Short text fragments from websites:
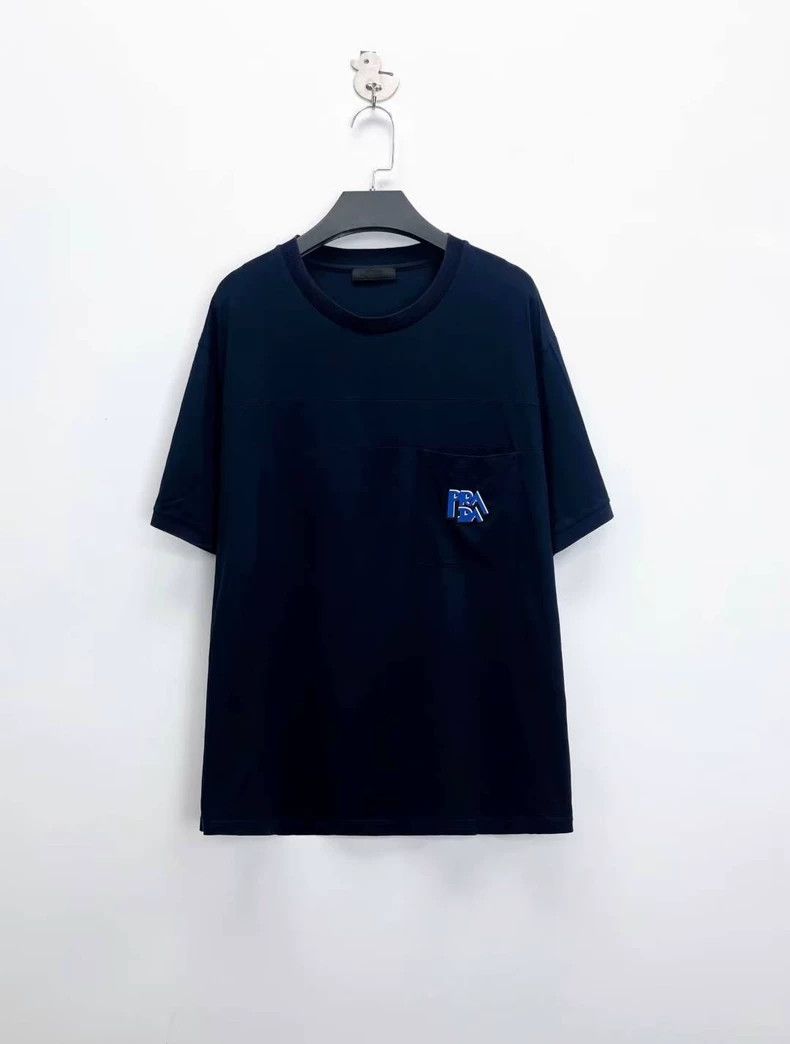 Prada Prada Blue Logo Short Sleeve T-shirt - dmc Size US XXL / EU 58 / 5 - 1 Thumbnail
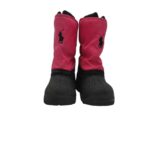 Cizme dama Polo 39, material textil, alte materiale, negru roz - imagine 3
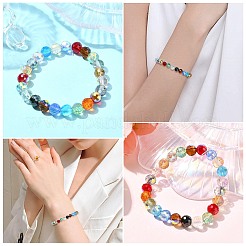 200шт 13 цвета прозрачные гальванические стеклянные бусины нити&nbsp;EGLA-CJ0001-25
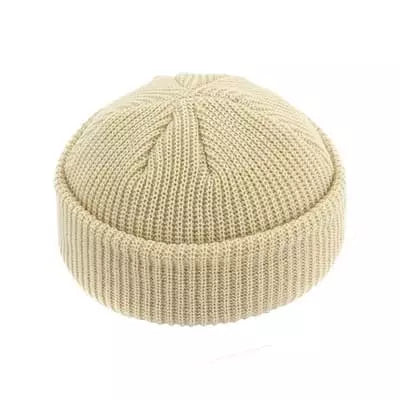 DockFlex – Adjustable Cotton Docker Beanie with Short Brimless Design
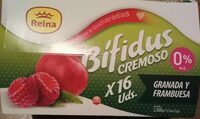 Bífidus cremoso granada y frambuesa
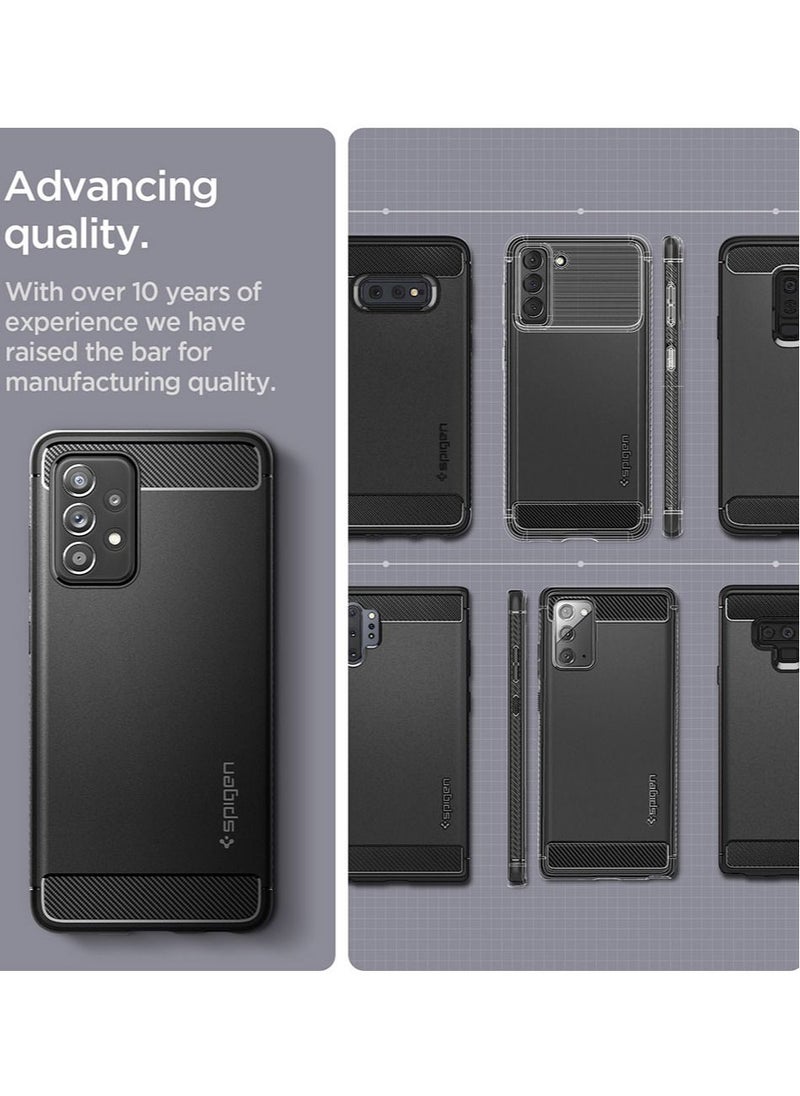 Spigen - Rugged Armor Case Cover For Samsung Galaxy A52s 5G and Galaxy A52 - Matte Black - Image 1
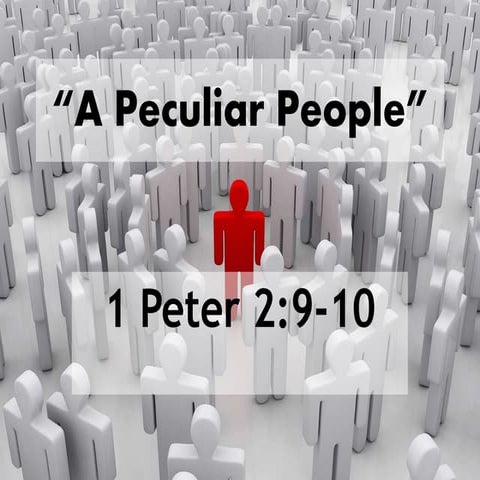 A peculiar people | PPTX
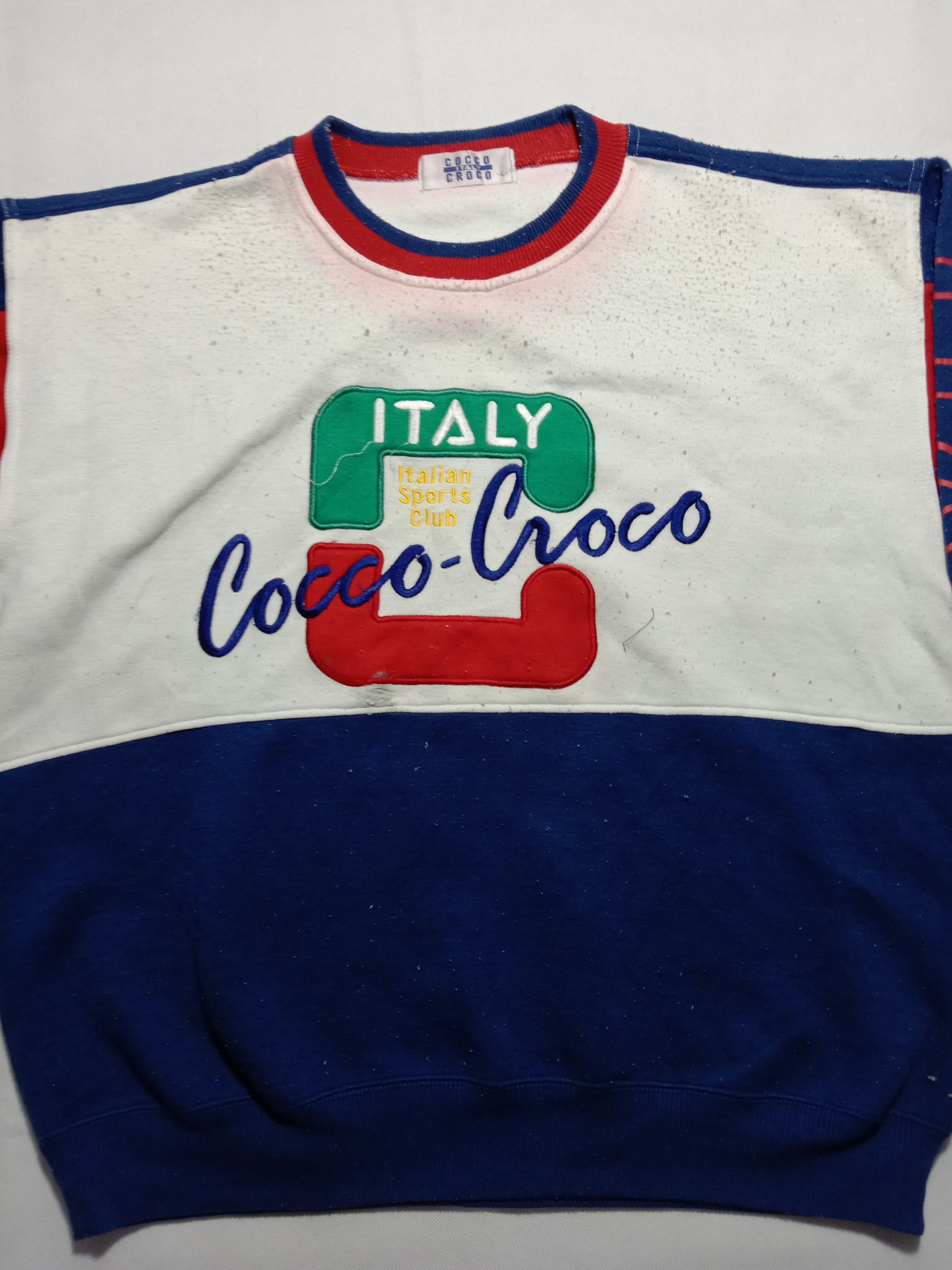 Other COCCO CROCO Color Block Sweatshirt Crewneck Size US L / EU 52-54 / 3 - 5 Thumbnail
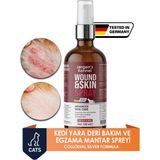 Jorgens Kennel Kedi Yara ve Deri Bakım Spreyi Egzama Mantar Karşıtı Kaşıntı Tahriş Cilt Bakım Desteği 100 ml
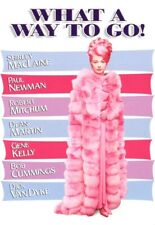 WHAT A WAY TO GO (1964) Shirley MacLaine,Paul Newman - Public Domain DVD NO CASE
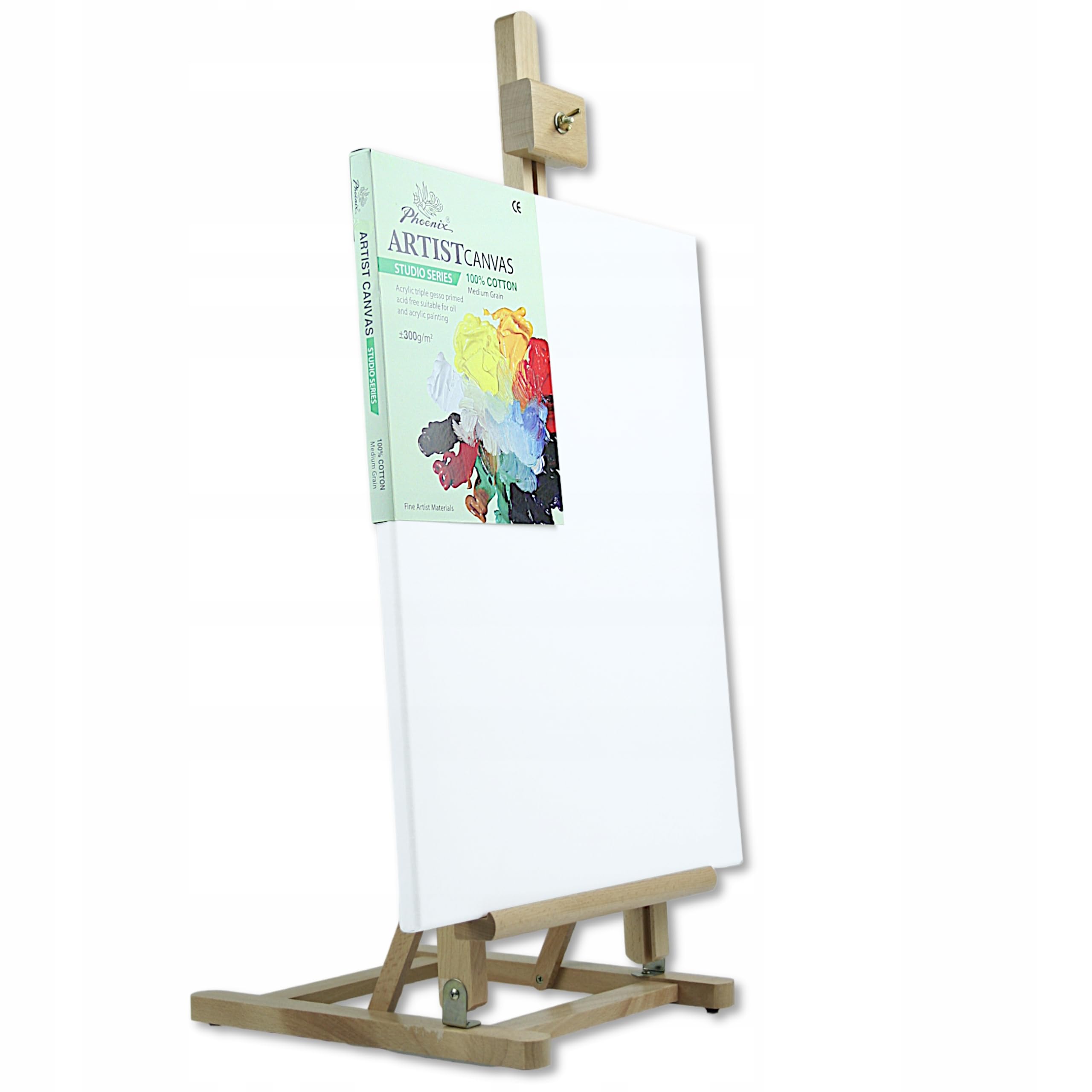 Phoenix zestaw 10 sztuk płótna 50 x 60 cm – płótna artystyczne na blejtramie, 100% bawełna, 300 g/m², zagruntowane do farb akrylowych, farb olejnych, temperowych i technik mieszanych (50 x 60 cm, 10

▸ **HOW TO COMPLETE THIS TASK**: The result should be a precise copy of all the entries, free of pictures.

▸ **EXERCISE SOLUTION**:
 Prada Prada Blue Logo Short Sleeve T-shirt - dmc Size US XXL / EU 58 / 5 - 1 Thumbnail
 Cizme dama Polo 39, material textil, alte materiale, negru roz - imagine 3
 200шт 13 цвета прозрачные гальванические стеклянные бусины нити&nbsp;EGLA-CJ0001-25
 DockFlex – Adjustable Cotton Docker Beanie with Short Brimless Design
 Bífidus cremoso granada y frambuesa
 Spigen - Rugged Armor Case Cover For Samsung Galaxy A52s 5G and Galaxy A52 - Matte Black - Image 1
 A peculiar people | PPTX
 Other COCCO CROCO Color Block Sweatshirt Crewneck Size US L / EU 52-54 / 3 - 5 Thumbnail
 Jorgens Kennel Kedi Yara ve Deri Bakım Spreyi Egzama Mantar Karşıtı Kaşıntı Tahriş Cilt Bakım Desteği 100 ml
 WHAT A WAY TO GO (1964) Shirley MacLaine,Paul Newman - Public Domain DVD NO CASE
 Phoenix zestaw 10 sztuk płótna 50 x 60 cm – płótna artystyczne na blejtramie, 100% bawełna, 300 g/m², zagruntowane do farb akrylowych, farb olejnych, temperowych i technik mieszanych (50 x 60 cm, 10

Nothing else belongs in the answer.